THE MINISTER OF NATIONAL REVENUE,

Respondent.

 

Appeal heard on October 12, 2017, at Vancouver, British Columbia

Before: The Honourable Justice B. Russell


Appearances:

 

Agent for the Appellant:

Daljit Dhanoa

Counsel for the Respondent:

Shannon Fenrich

 

JUDGMENT

  The Minister of National Revenue’s January 11, 2017 decision is varied by adding that also the Appellant engaged in 98 hours of insurable employment for Global Shake and Shingle Ltd. (GSS) in March 2011 and in 56 hours of insurable employment for GSS during the period May 8 – 21, 2011.

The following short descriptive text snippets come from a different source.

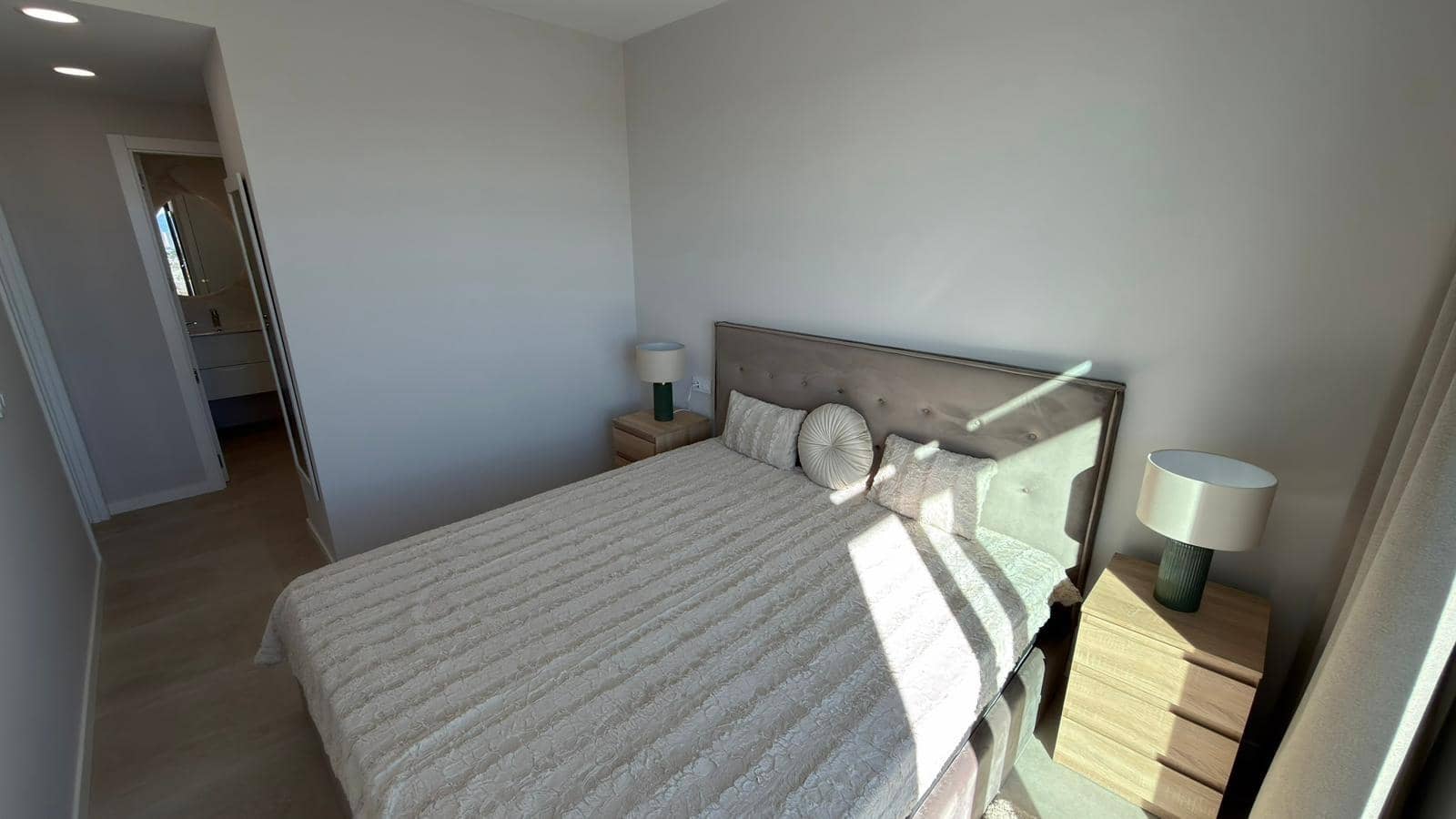 2 slaapkamer Flat te koop in Finestrat met zwembad - € 495.000 (Ref: 9619228)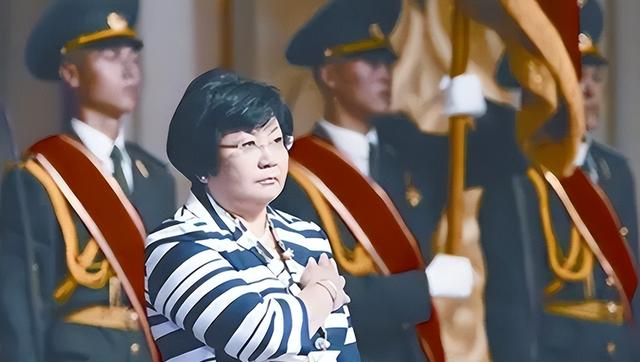 中亚铁娘子：赶跑两任总统后自己当总统，最大愿望就是与中国合作
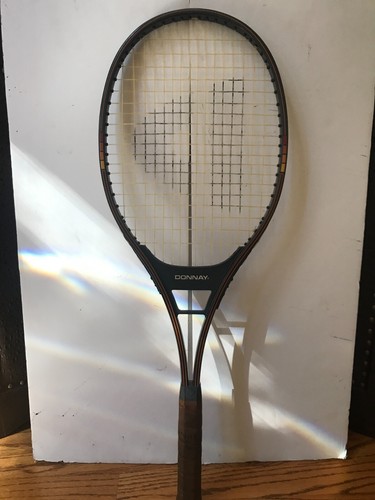 Racchetta tennis donnay - tennis,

Signed at Toronto, Ontario this 31st day of May 2018.

“B. Russell”

Russell J.

 


Citation: 2018TCC101

Date: 20180531

Docket: 2017-1650(EI)

BETWEEN:

GURMIT SINGH SIDHU,

Appellant,

and

THE MINISTER OF NATIONAL REVENUE,

Respondent.

 


REASONS FOR JUDGMENT

Russell J.

Introduction:

[1]  These are reasons for judgment in the appeal brought by the Appellant pursuant to subsection 103(1) of the Employment Insurance Act (Canada) (EIA). He appeals a January 11, 2017 decision of the Respondent, made pursuant to subsection 93(3) of the EIA, which decision upheld the March 30, 2015 ruling of a CPP/EI Ruling officer respecting the Appellant (Ruling).

Background:

[2]  The Ruling, made per subsection 90(3) of the EIA, was that the Appellant had been engaged in insurable employment with the company Global Shake and Shingle Ltd. (GSS) during the period February 14, 2011 to February 27, 2011; but that he had not continued to be engaged by GSS during the following period of February 28, 2011 to May 20, 2011 (Further Period). The GSS worksite was a cedar shake and shingle sawmill located in or about Maple Ridge, B.C.

[3]  The term “insurable employment” is defined at paragraph 5(1)(a) of the EIA as including:

employment in Canada by one or more employers, under any express or implied contract of service or apprenticeship, written or oral, whether the earnings of the employed person are received from the employer or some other person...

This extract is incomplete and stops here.